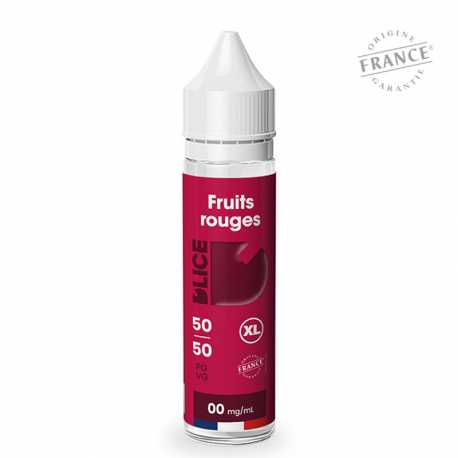 Fruits Rouges - 50ml XL - Dlice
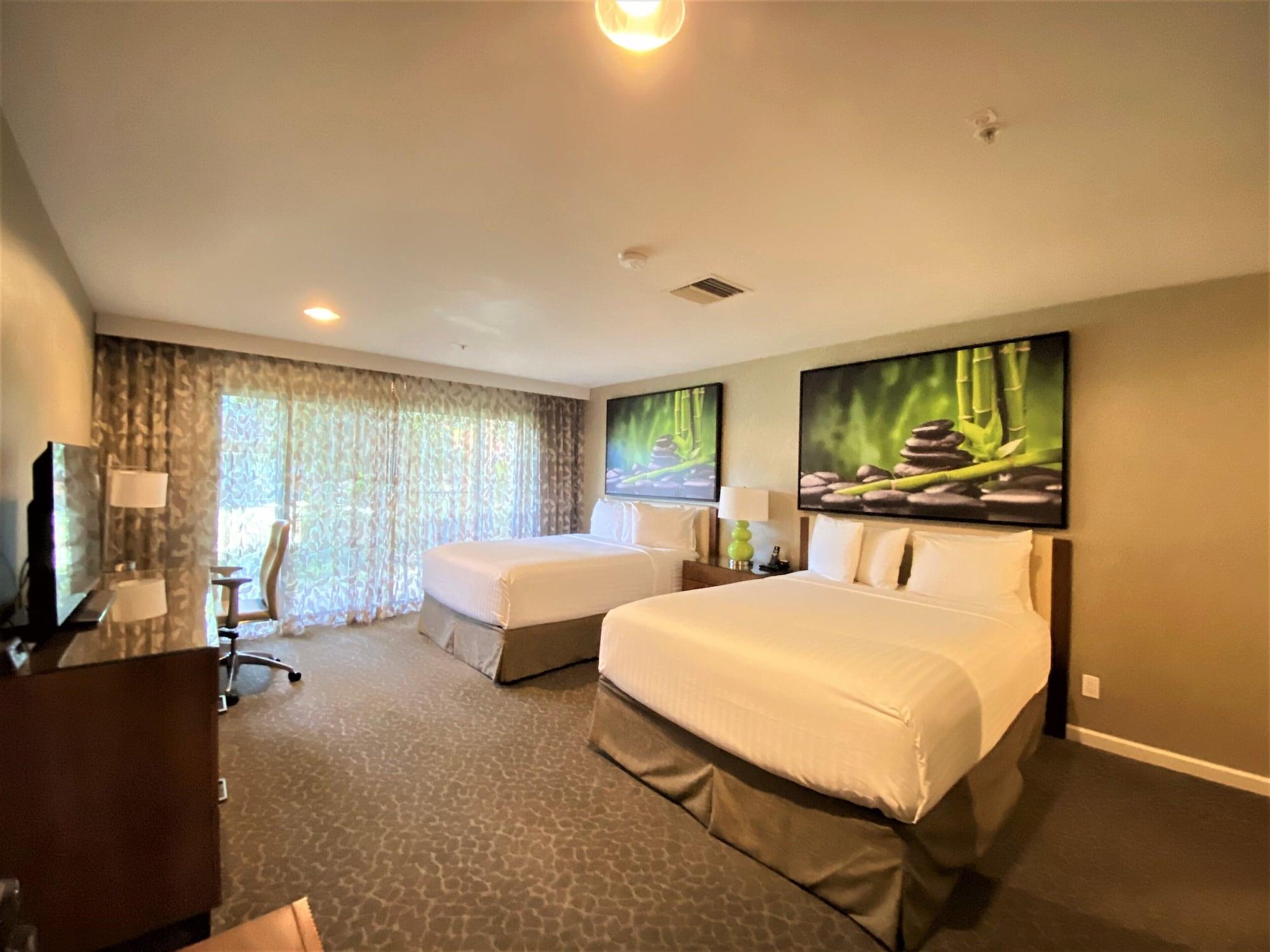 The Creekside Inn Palo Alto Eksteriør billede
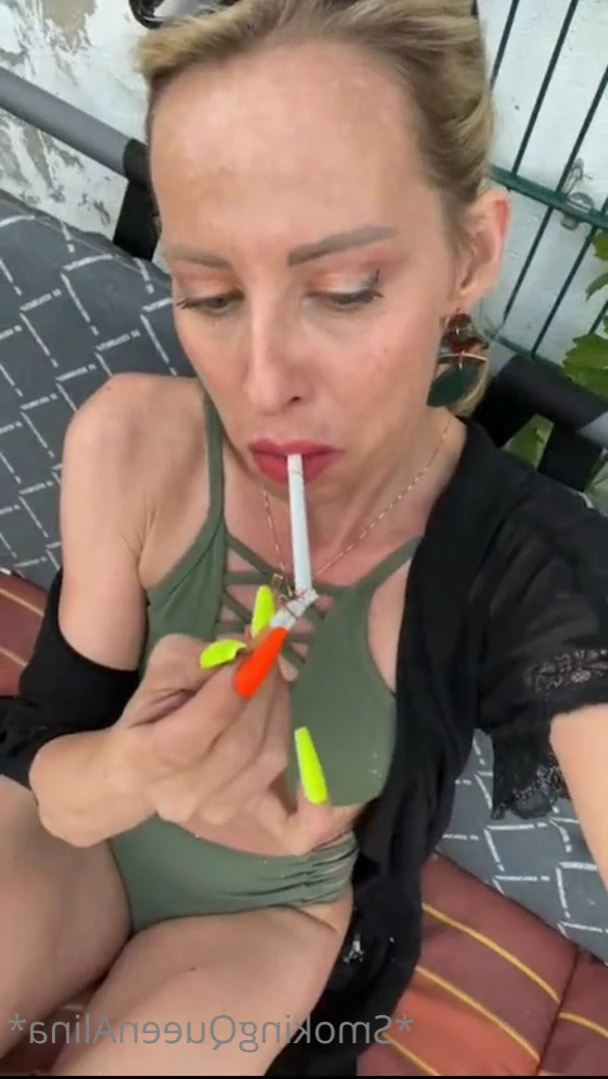 smokingqueenalina Onlyfans leaked photo 16029339 on Hotleaks.tv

§ **Work task**: Return the material word for word, images omitted.

§ **Task result**:
 Fruits Rouges - 50ml XL - Dlice
 The Creekside Inn Palo Alto Eksteriør billede
 smokingqueenalina Onlyfans leaked photo 16029339 on Hotleaks.tv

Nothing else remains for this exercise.